Let's define a function that can generate responses like that:
def generate_response(prompt, model, tokenizer, max_response_token=128, context_len=512):
device = 'cuda' if torch.cuda.is_available() else 'cpu'
model = model.to(device)
model.eval()
tokens = torch.Tensor(tokenizer.encode(prompt)).long().to(device)
num_input_tokens = tokens.shape[0]
assert num_input_tokens <= context_len, "prompt exceeding maximum input tokens"
tokens = tokens[None, ...] # add batch dimension
responses = None
for _ in range(max_response_token):
input_tokens = tokens[:, -context_len:]
# get prediction
logits = model(input_tokens)
# focus only on the last time step
logits = logits[:, -1, :] # becomes (B, C)
probs = F.softmax(logits, dim=-1) # (B, C)
# sample from the distribution
idx_next = torch.multinomial(probs, num_samples=1) # (B, 1)
if responses is None:
responses = idx_next
else:
responses = torch.cat((responses, idx_next), dim=1) # (B, T+1)
tokens = torch.cat((tokens, idx_next), dim=1) # (B, T+1)
if idx_next[0, 0] == 102:
break
responses = responses.to('cpu').numpy()
responses = tokenizer.decode(responses[0])
return responses
Let's take a look at two sample responses and we can see how they are able to complete our paragraph in style similar to our training.
Sampe 1¶
prompt = "Computer Science is not really science"
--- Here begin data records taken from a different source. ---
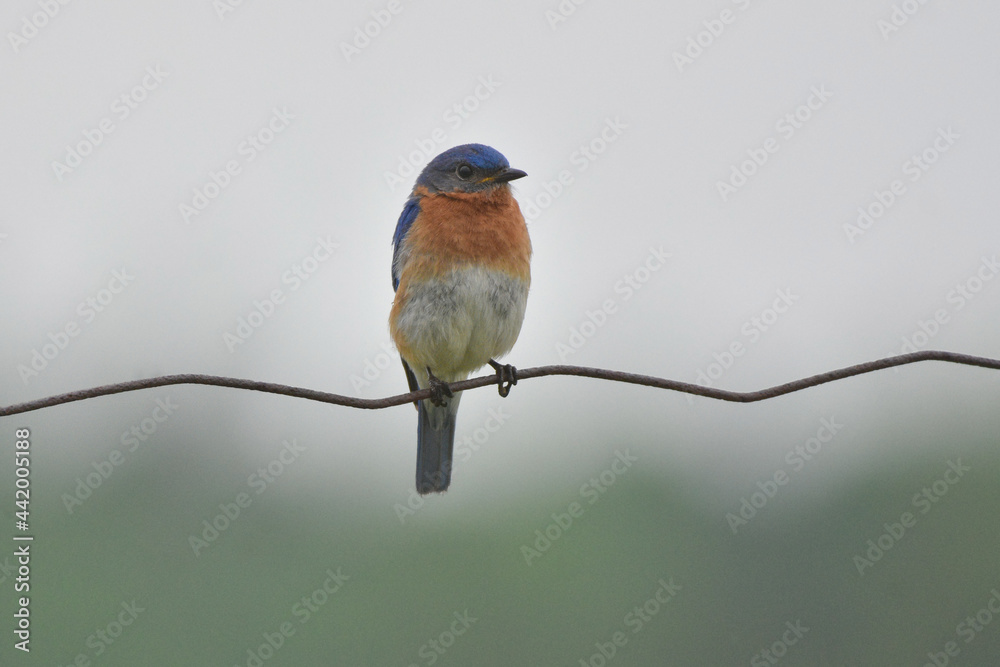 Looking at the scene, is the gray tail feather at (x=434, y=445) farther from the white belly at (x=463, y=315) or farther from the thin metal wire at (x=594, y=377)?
the thin metal wire at (x=594, y=377)

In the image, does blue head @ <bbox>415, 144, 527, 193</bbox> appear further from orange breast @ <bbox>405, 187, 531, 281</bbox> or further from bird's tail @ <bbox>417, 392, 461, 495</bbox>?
bird's tail @ <bbox>417, 392, 461, 495</bbox>

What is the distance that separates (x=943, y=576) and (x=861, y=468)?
10.5 feet

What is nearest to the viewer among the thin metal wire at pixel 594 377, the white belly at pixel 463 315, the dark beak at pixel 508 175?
the thin metal wire at pixel 594 377

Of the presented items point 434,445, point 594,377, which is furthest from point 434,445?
point 594,377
response = generate_response(prompt, model, tokenizer, context_len=context_len)
print("Prompt: {}".format(prompt))
print("Response: {}".format(response))
Prompt: Computer Science is not really science Response: fiction. " Chris Schilling of The Guardian described it as " essentially an online horror game, offering something interesting and exciting. It doesn 't quite make any sense. " A reviewer from Computer and Video Games criticised the interface, interface and camera controls, but pointed out that the game's artificial intelligence and perspective were good. The reviewer found that at the start of the fourth game, " the sequel will strangle up the RPG elements and made sure that IGN's reviewer, Lucas Touch, would proudly announce that the good " as the story progresses ". In contrast to its predecessor, the reviewer found that Lucasfilm Games was not
Sample 2¶
prompt = "Artificial Intelligence is dangerous to human"
response = generate_response(prompt, model, tokenizer, context_len=context_len)
print("Prompt: {}".format(prompt))
print("Response: {}".format(response))
Prompt: Artificial Intelligence is dangerous to human Response: beings, while in other ways humans can withstand painful mental and physical abuse. = = Controlling = = The brain can control impulses in an action that also affects normal brain activity, including sleep, inanimate objects, and inanimate objects. However, individuals possess various brain characteristics that may serve to combat and carry information about it, such as improvements in physical and mental strength and behavior. Rather than killing innocents, the brain can essentially do so as it does for anyone or objects, but it becomes more common and more efficient when actively defending itself. The brain is usually led by a brain
Going Forward¶
In large language model, the pre-training is only the first step towards making something useful. People usually take the pre-trained model and perform fine-tuning on different tasks to make more specialized model. For example, if we want to build a chat bot, then we can finetune the model on instructions (sometimes also called instruction tuning) such that the model can chat with human. Instruction tuning is an emergent field that evolves very quickly.
To conclude, with pre-training, a model understands language and the world. With instruction tuning, a model becomes usable.